Give a verbatim copy of the data, leaving the pictures out.

── PROVIDED MATERIAL ──

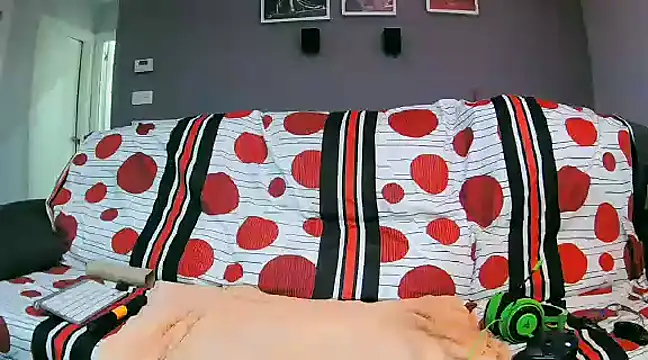 Snapshot of txan9876 chatting on February 2, 2025, 4:22 pm txan9876 online show from February 2, 2025, 4:22 pm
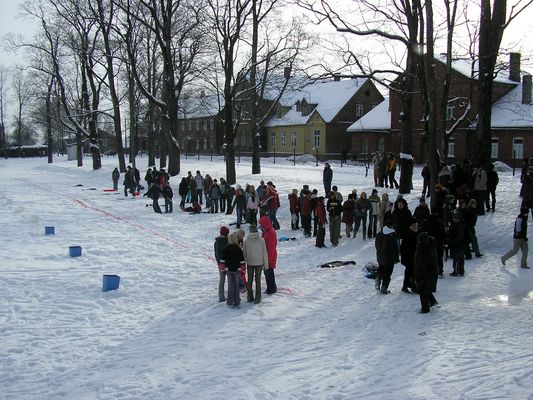 Klikka vaatamaks tissuuruses pilti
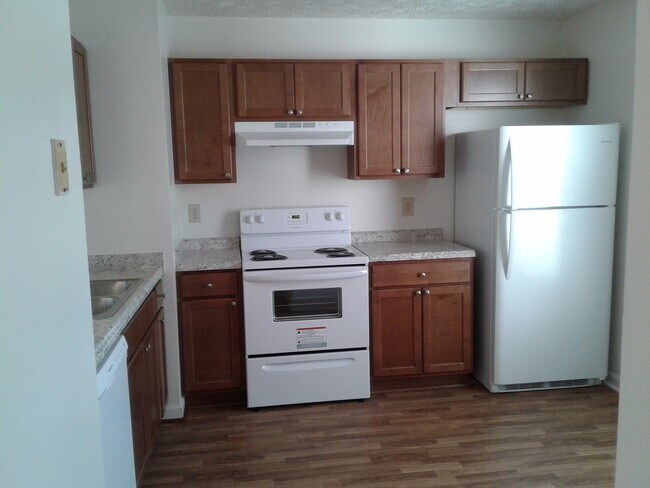 Building Photo - 2 Bedroom, 1 bath apartment - Downstairs Unit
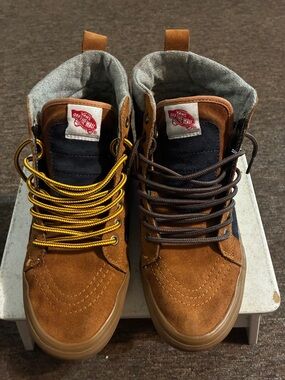Vans Men's Tan Suede High-Top Sneakers with Navy Panels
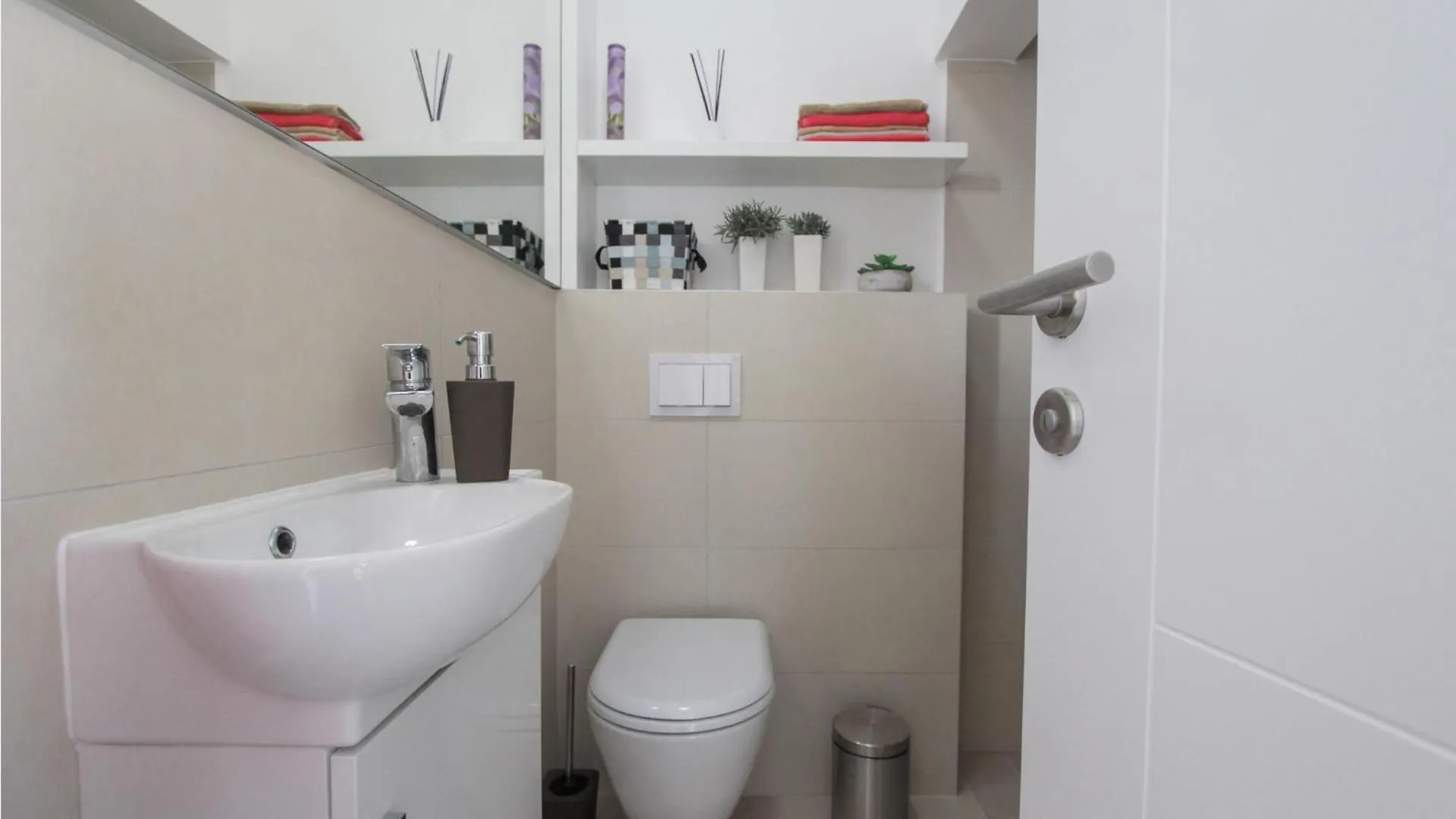2 Bedroom Beautiful Apartment In Okrug Gornji تروغير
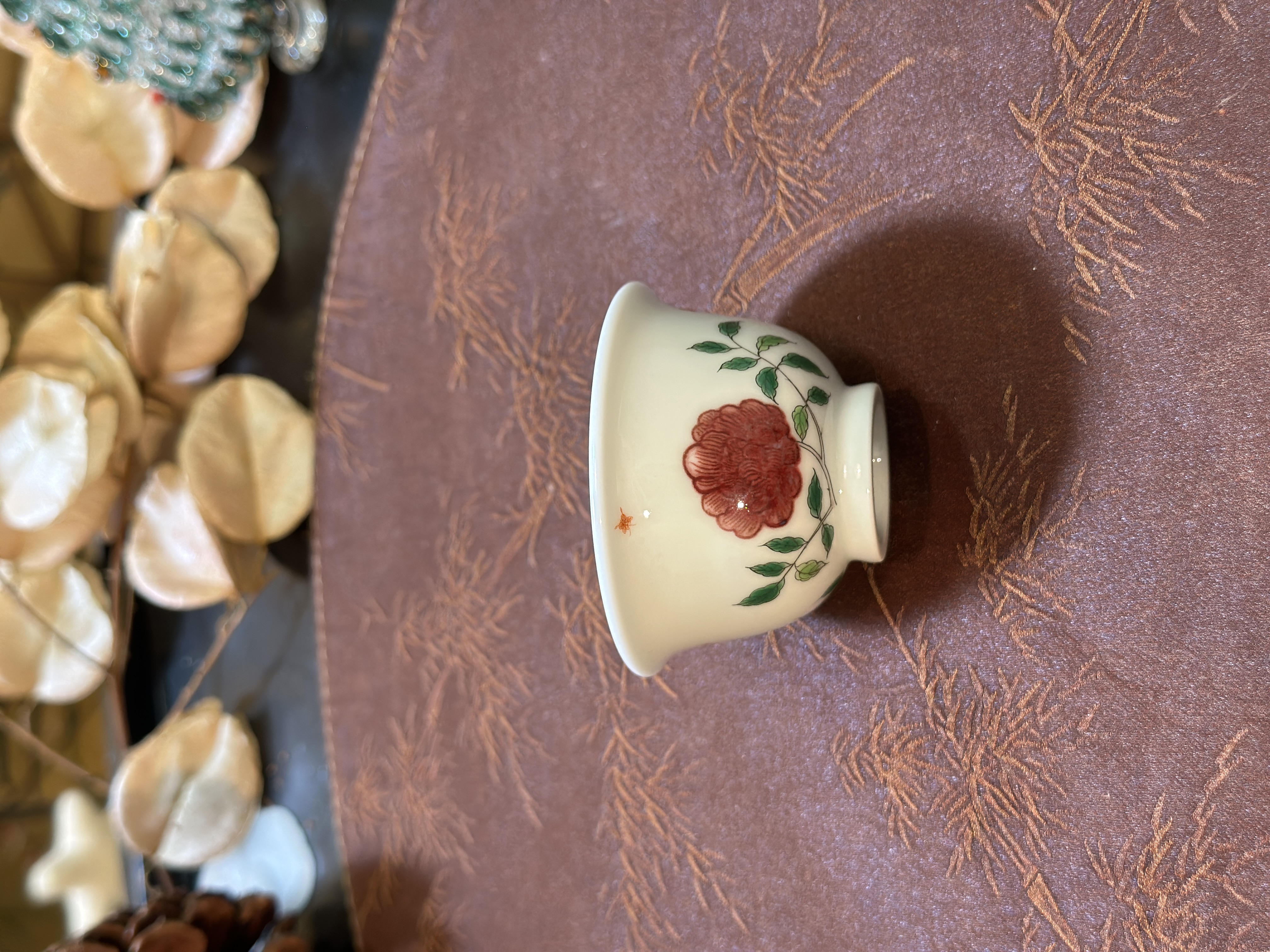 勤义堂釉里红古彩月季杯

───

◆ RESPONSE TO THE EXERCISE:
 Snapshot of txan9876 chatting on February 2, 2025, 4:22 pm txan9876 online show from February 2, 2025, 4:22 pm
 Klikka vaatamaks tissuuruses pilti
 Building Photo - 2 Bedroom, 1 bath apartment - Downstairs Unit
Vans Men's Tan Suede High-Top Sneakers with Navy Panels
2 Bedroom Beautiful Apartment In Okrug Gornji تروغير
 勤义堂釉里红古彩月季杯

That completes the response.